PORTLAND, Ore. (KGW) — Election Day is on November 8 — but since Oregon is a vote-by-mail state, many people have probably already sent in their ballots. A number of KGW viewers wrote in to ask what happens next; how do we know our votes are handled and counted properly? We got answers from an expert, Multnomah County Elections Director Tim Scott.

The questions below are ones we received from viewers, followed by answers from Scott where applicable.

How are ballot boxes protected from people stuffing the boxes? Are they watched by security?

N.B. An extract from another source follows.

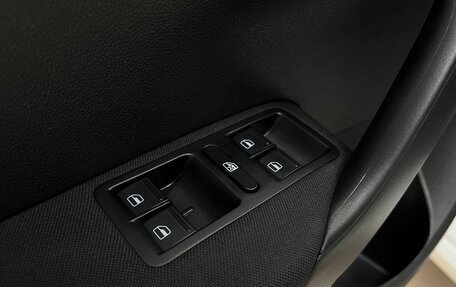 Volkswagen Polo VI (EU Market), 2019 год, 1 440 000 рублей, 24 фотография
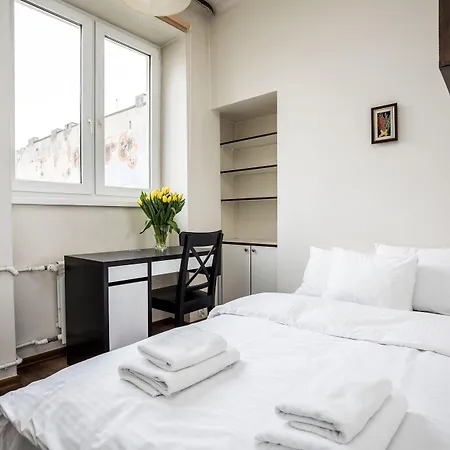 Wawa Centrum By Your Freedom Apartment *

“Every ballot envelope is mailed with a unique ballot ID and barcode,” said Scott. “If the ballot envelope doesn’t contain those features, we will not process the ballot inside. If someone requests a replacement ballot and has two ballots in their possession, only the most recently issued ballot ID is valid, the other one is made invalid at the time of generating the replacement ballot.”

Sometimes seeing the process can help explain how it works. Last week, KGW toured the Multnomah County election headquarters. Scott showed our crew a large sorting machine that handles ballots.

Scott said that election workers used to do the sorting, but COVID-19 made that impossible. Federal tax money paid for the $275,000 sorting machine, which now does the job of 24 people.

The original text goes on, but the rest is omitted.